For the project, 11,482 citizen science volunteers scoured those thousands of images for the footage. Through their efforts, they made 1,488 attempts to identify asteroids in about 1% of the images provided by Hubble, according to the release. With the citizen scientists’ classifications, the astronomers leading the study trained an automated machine-learning algorithm to look for additional asteroid trails in the data that might have been missed. The algorithm added about 900 detections to the batch, which now totaled 2,487 possible asteroids.
This total was later reduced by Kruk and the other authors of the study, astronomers Pablo García Martín of the Autonomous University of Madrid and Marcel Popescu of the Institute of Astronomy of the Romanian Academy. The three scientists inspected the images further, detecting streaks and ruling out cosmic rays or other non-asteroid objects that might have created them. This reduced the number of images with asteroids, resulting in a final total of 1,701 asteroid trails from 1,316 Hubble images.
About a third of the confirmed tracks have further been identified as known asteroids listed in the Center of minor planetsthe database of solar system objects.
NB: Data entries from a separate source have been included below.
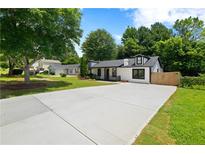 Charming home with a new concrete driveway, and a lush green lawn, perfect for families at 4946 Lake Ridge Trail, Lilburn, GA 30047
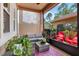 Cozy screened patio with comfortable seating, a patterned rug, decorative plants, and outdoor views at 5464 Factors Walk Dr, Sanford, FL 32771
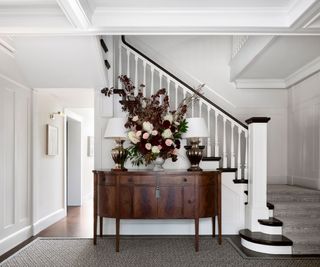 entry with dark wood sideboard and stairs with white walls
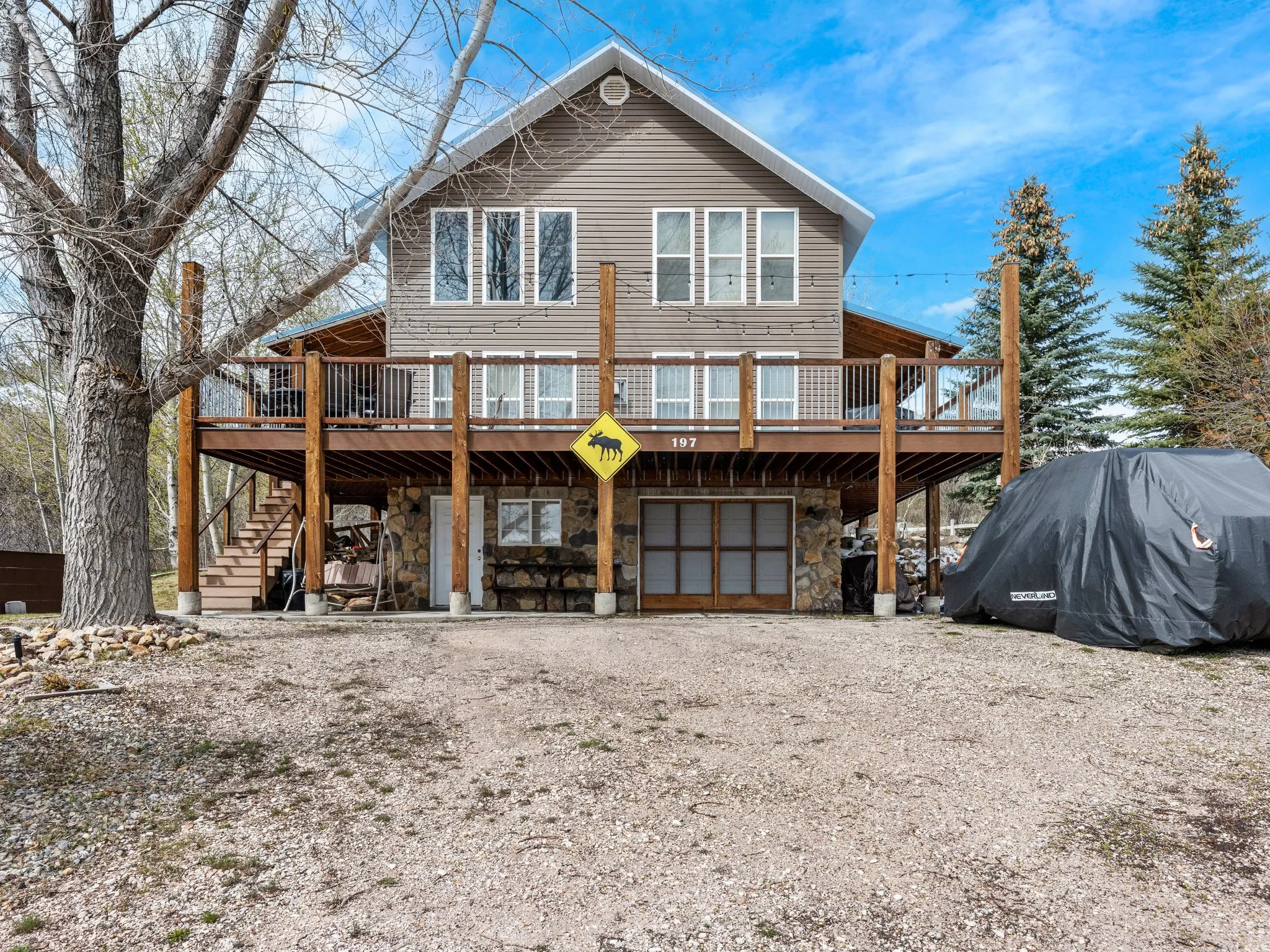 Back of property with a deck, stone siding, driveway, and a garage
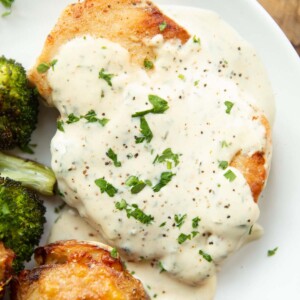 close up overhead shot of chicken breast and creamy garlic sauce on white plate with broccoli and smashed potatoes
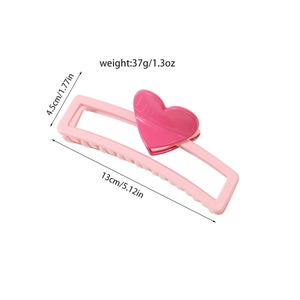 Pink heart hair claw clip for women, dopamine style hair accessory measuring 13cm in length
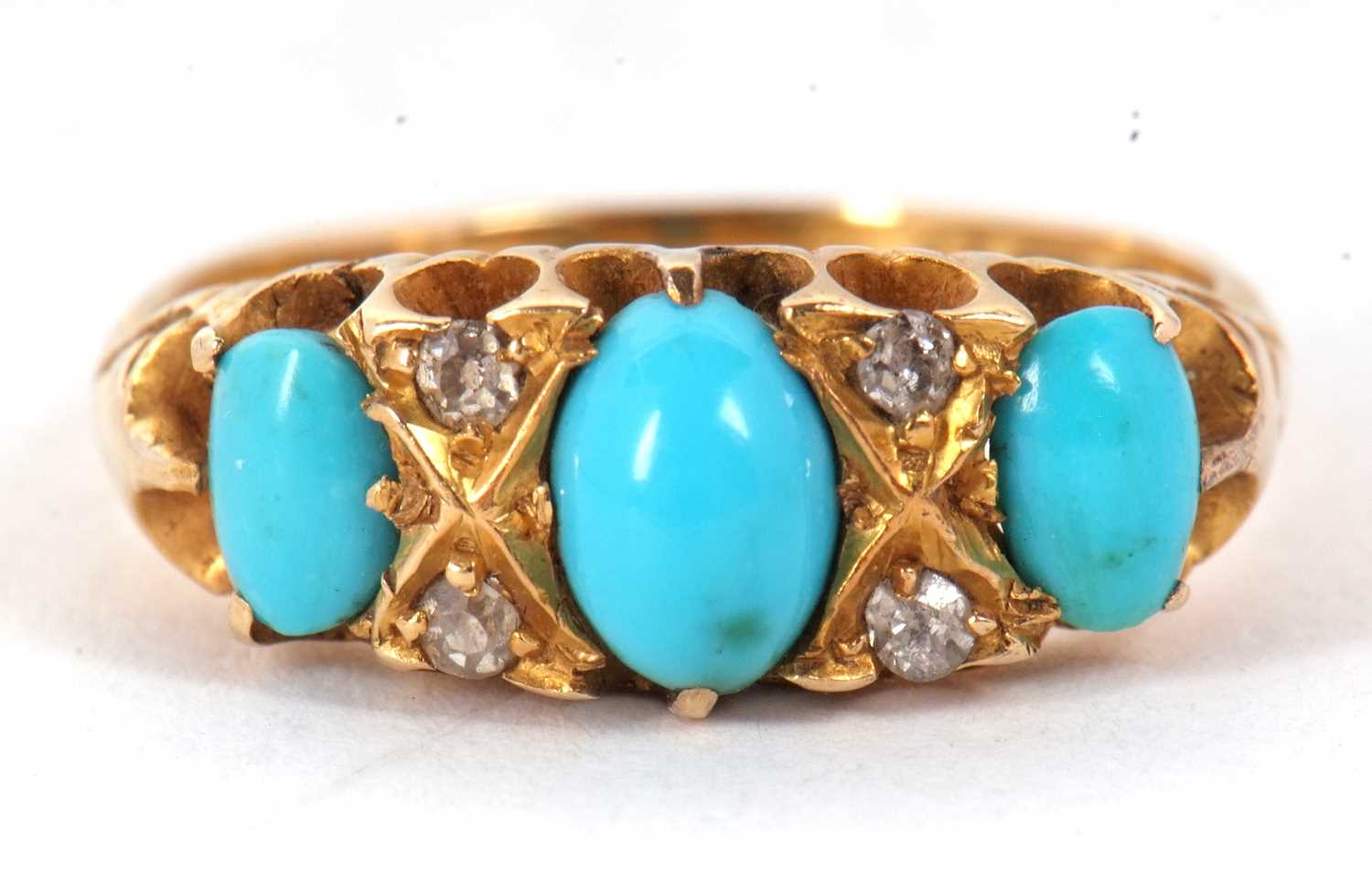 A late Victorian 18ct turquoise and diamond ring, the three slightly graduated oval turquoise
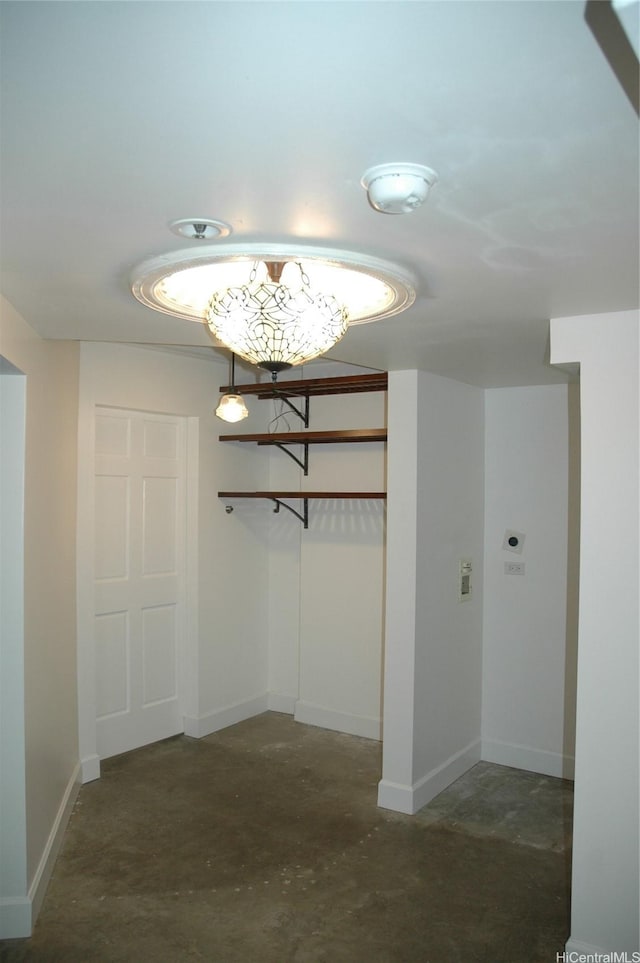 60 N Beretania St Unit 909, Honolulu, HI 96817 - hallway with concrete flooring, baseboards, and a chandelier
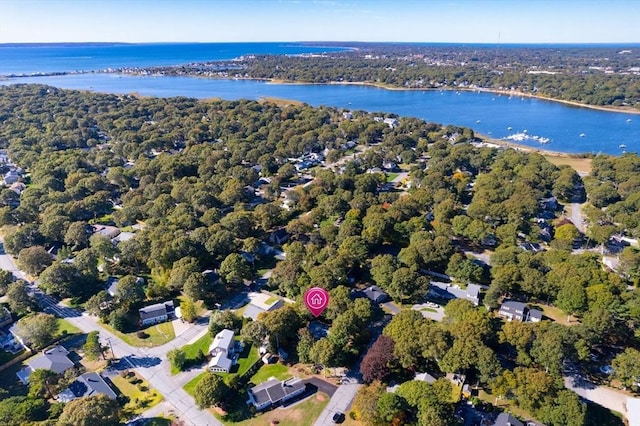 bird's eye view featuring a forest view and a water view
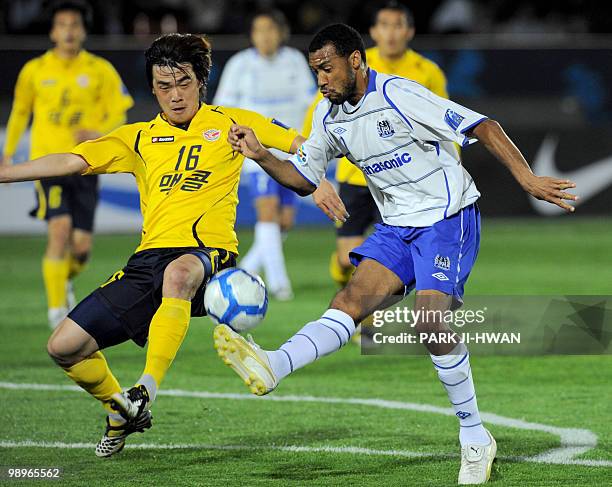 Lucas of Japan's Gamba Osaka and Kim Sung-Hwan of South Korea's Seongnam Ilhwa FC fight for the ball during the AFC Champions League round 16 match...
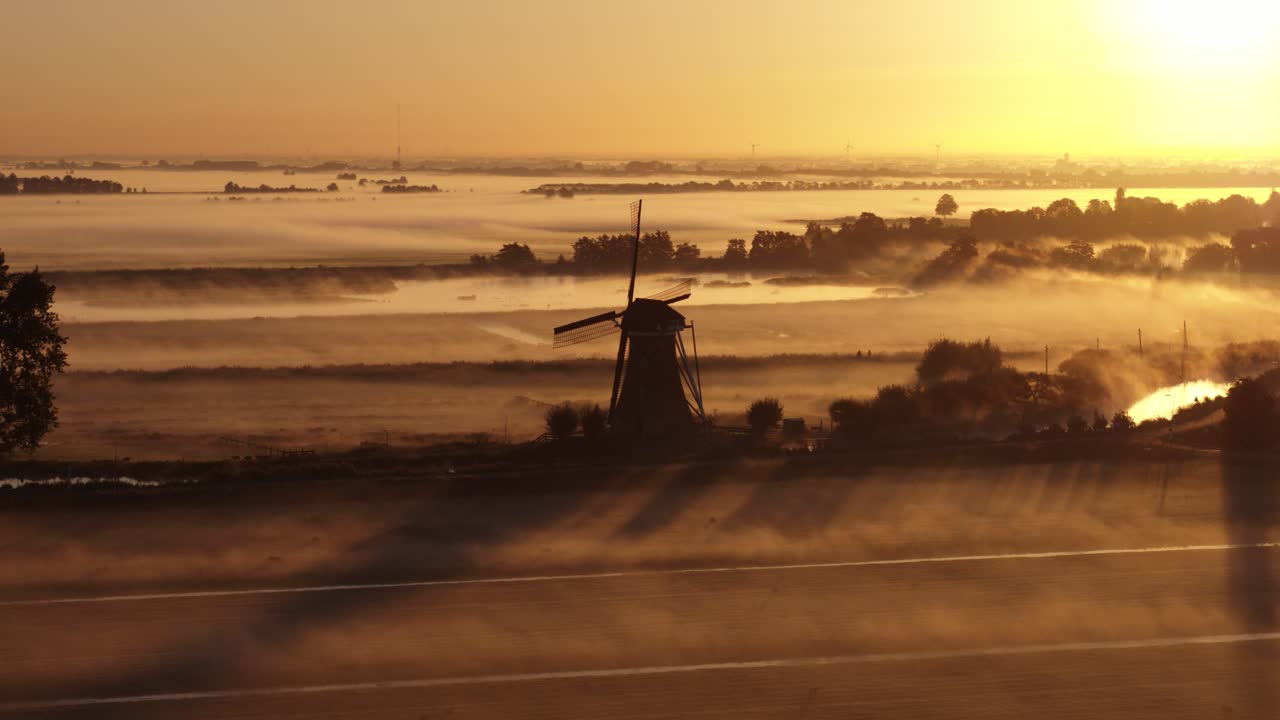 Early morning fog rising near silhouette of old windmill with bright yellow sunshine
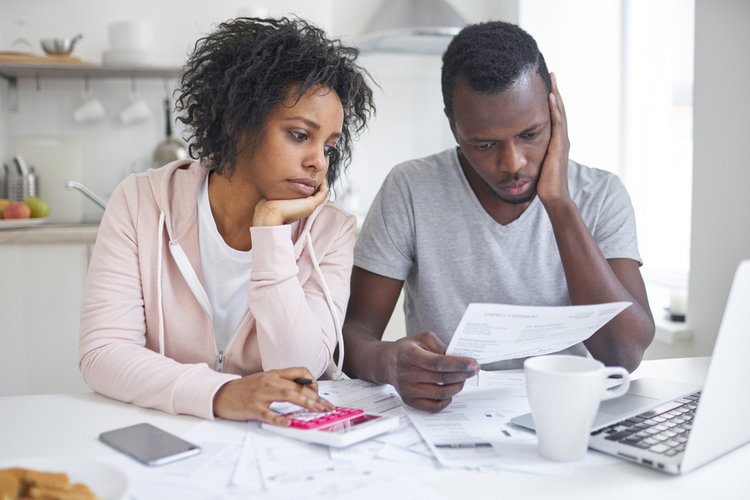 Couple managing family budget together.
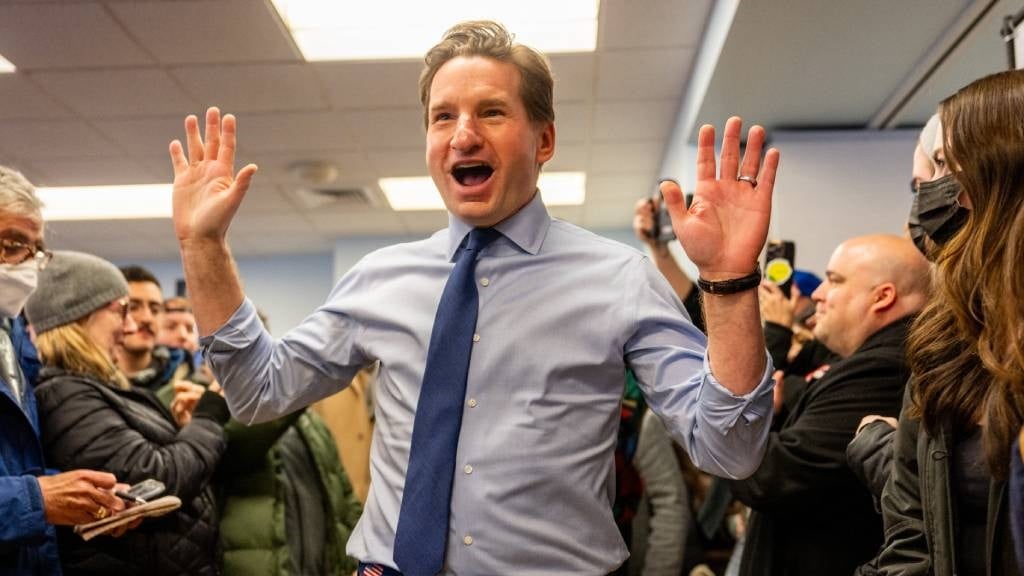 Democratic challenger Dean Phillips is greeted by supporters during a campaign rally in Nashua, New Hampshire.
Two-thirds of the contrails remain unidentified, although even identified asteroids will require further observation, the statement said.
So far, researchers know that the asteroids identified “are consistently fainter and therefore likely smaller than typical asteroids detected from the ground, with similar velocity and distribution across the sky as known asteroids in the so-called main belt”. statement reads.
The team aims to follow up on the new study by using the shape of asteroid contrails to try to determine how far space rocks are from Earth and derive information about their orbits.
“Asteroids are remnants of the formation of our solar system, which means we can learn more about the birth conditions of our planets,” Kruk said. “Using such a combination of human and artificial intelligence to sift through large amounts of data is a game-changer and we will also use these techniques for other future investigations, such as with the EUCLID telescope.”
The EUCLID telescope, which will be launched next year if all goes well, is a European observatory designed to study dark matter and dark energy in the universe. However, scientists estimate it will also spot 150,000 objects in the solar system, the statement said.